■ **What is being asked**: Every line below is to be given again precisely; images are to be left out.

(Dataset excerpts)
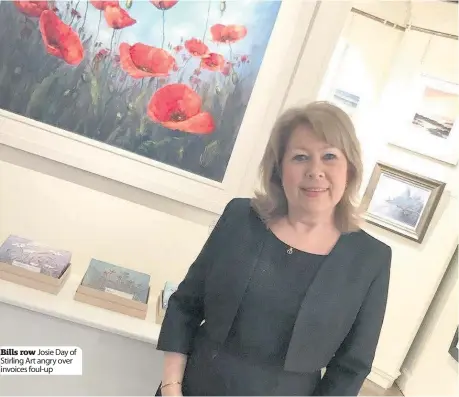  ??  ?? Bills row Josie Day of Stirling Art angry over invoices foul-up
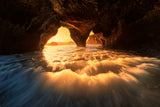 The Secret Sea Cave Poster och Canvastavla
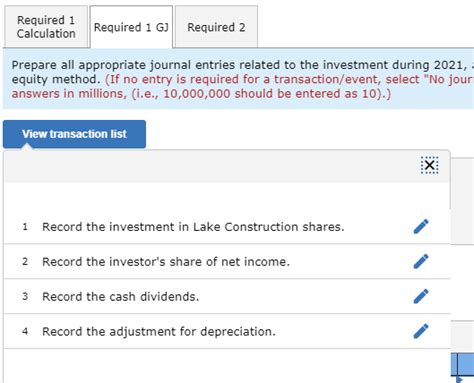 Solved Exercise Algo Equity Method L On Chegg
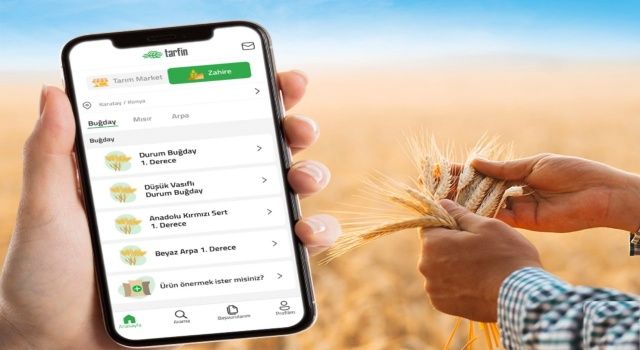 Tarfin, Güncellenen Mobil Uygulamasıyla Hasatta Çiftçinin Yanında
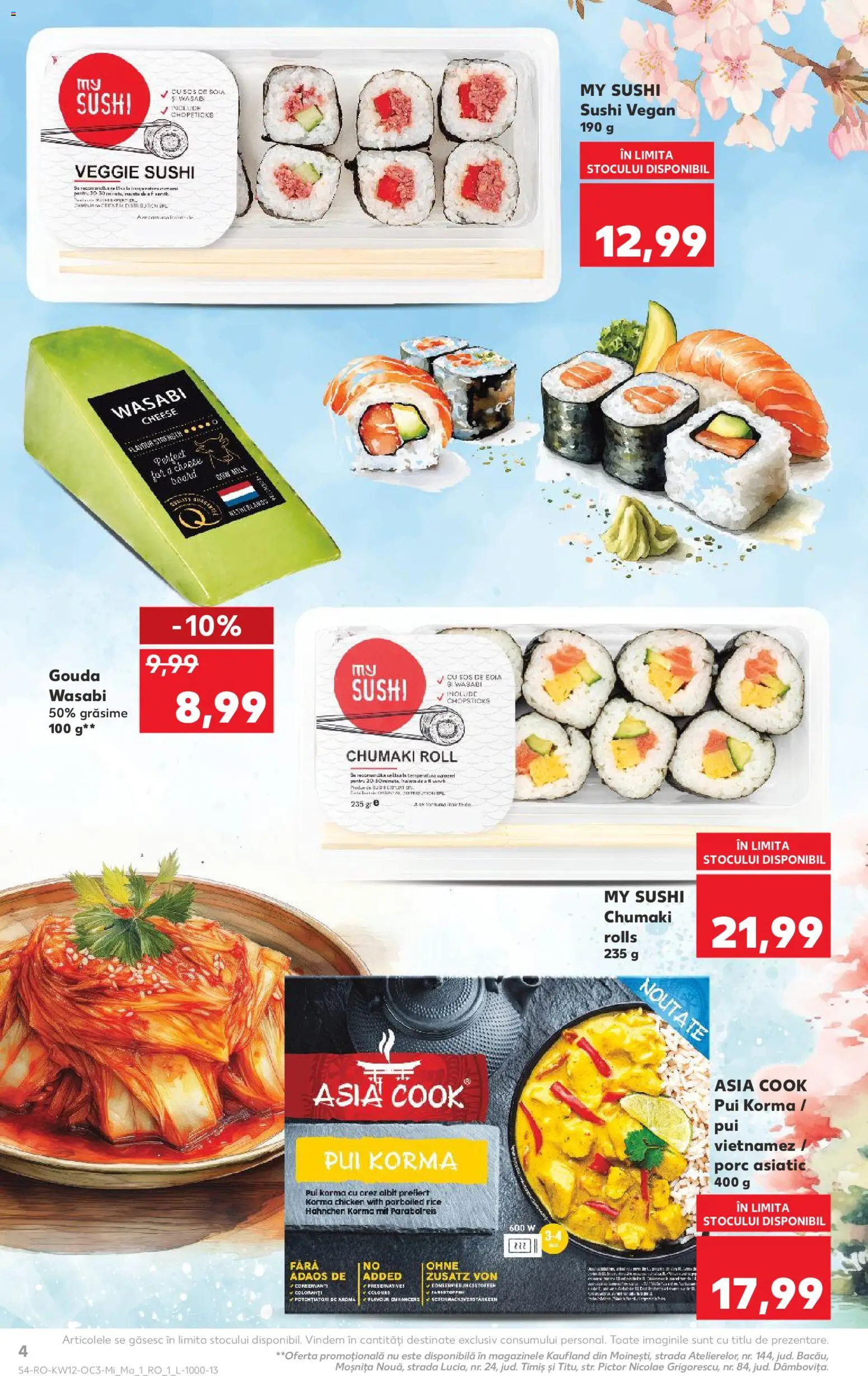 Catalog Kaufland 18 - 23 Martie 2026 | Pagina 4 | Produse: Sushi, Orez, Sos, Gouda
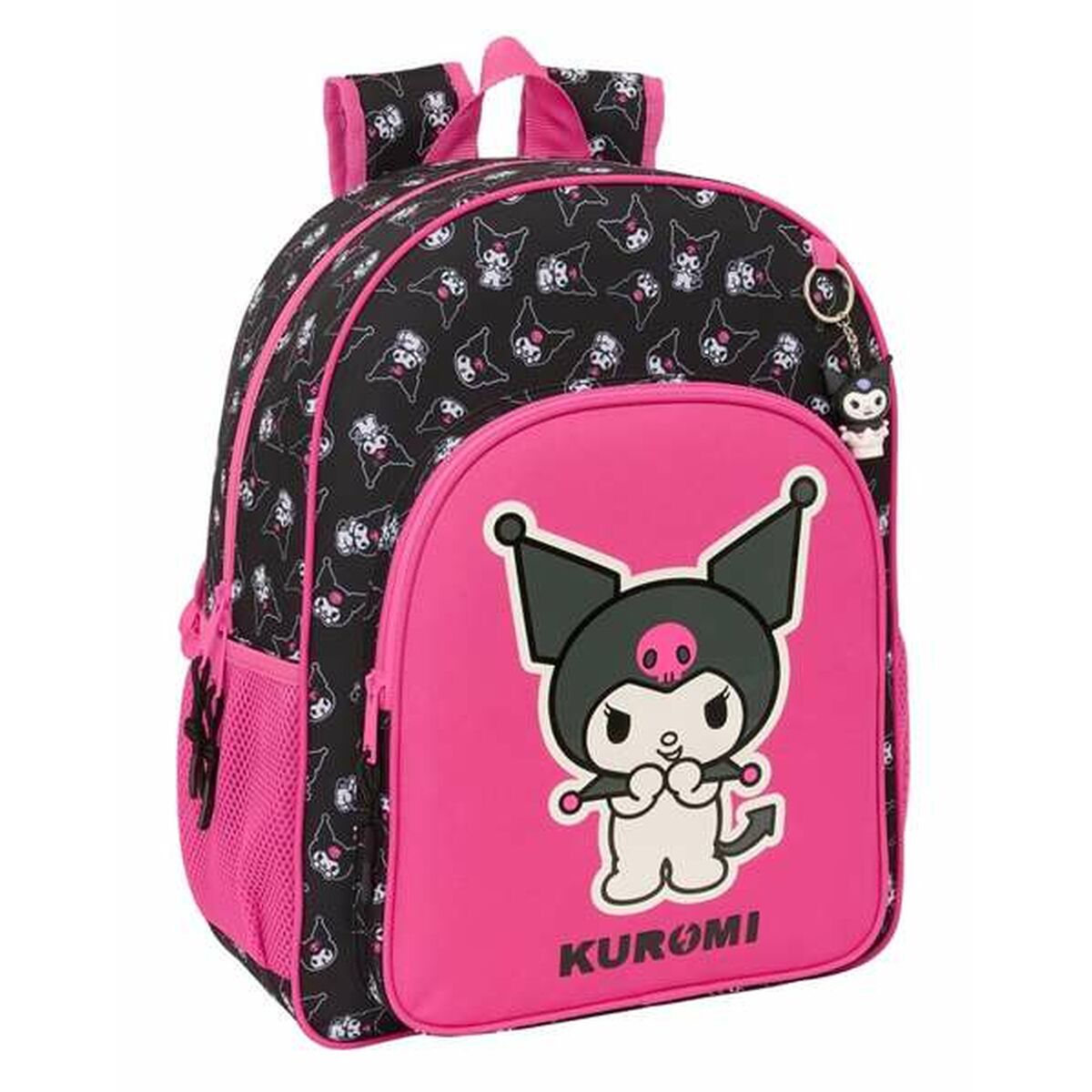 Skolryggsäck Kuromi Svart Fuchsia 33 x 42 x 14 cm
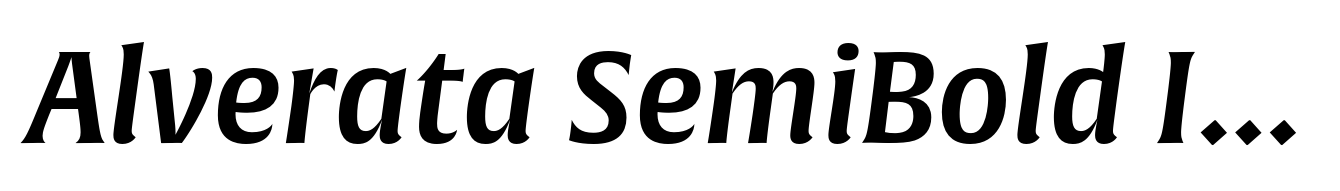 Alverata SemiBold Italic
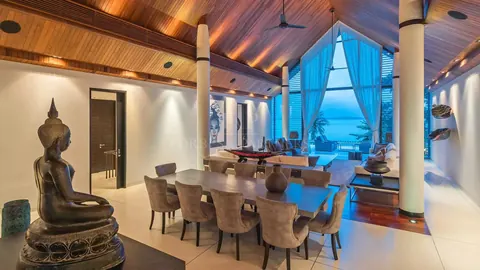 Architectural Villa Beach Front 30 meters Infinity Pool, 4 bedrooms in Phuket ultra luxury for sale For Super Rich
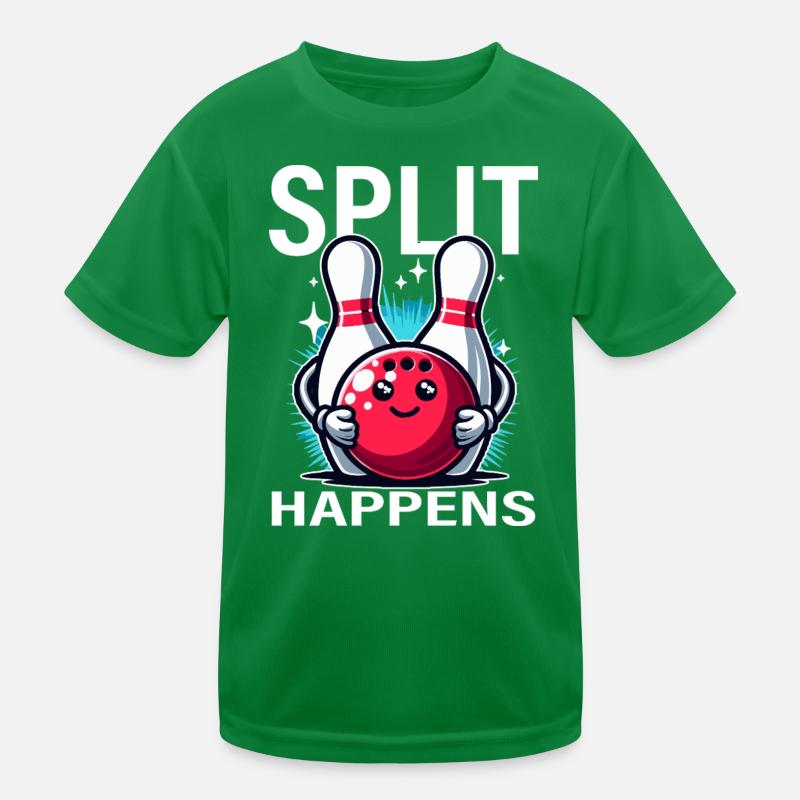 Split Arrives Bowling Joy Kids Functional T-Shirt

■ **Exercise response**:
  ??  ?? Bills row Josie Day of Stirling Art angry over invoices foul-up
 The Secret Sea Cave Poster och Canvastavla
 Solved Exercise Algo Equity Method L On Chegg
 Tarfin, Güncellenen Mobil Uygulamasıyla Hasatta Çiftçinin Yanında
 Catalog Kaufland 18 - 23 Martie 2026 | Pagina 4 | Produse: Sushi, Orez, Sos, Gouda
 Skolryggsäck Kuromi Svart Fuchsia 33 x 42 x 14 cm
 Alverata SemiBold Italic
 Architectural Villa Beach Front 30 meters Infinity Pool, 4 bedrooms in Phuket ultra luxury for sale For Super Rich
 Split Arrives Bowling Joy Kids Functional T-Shirt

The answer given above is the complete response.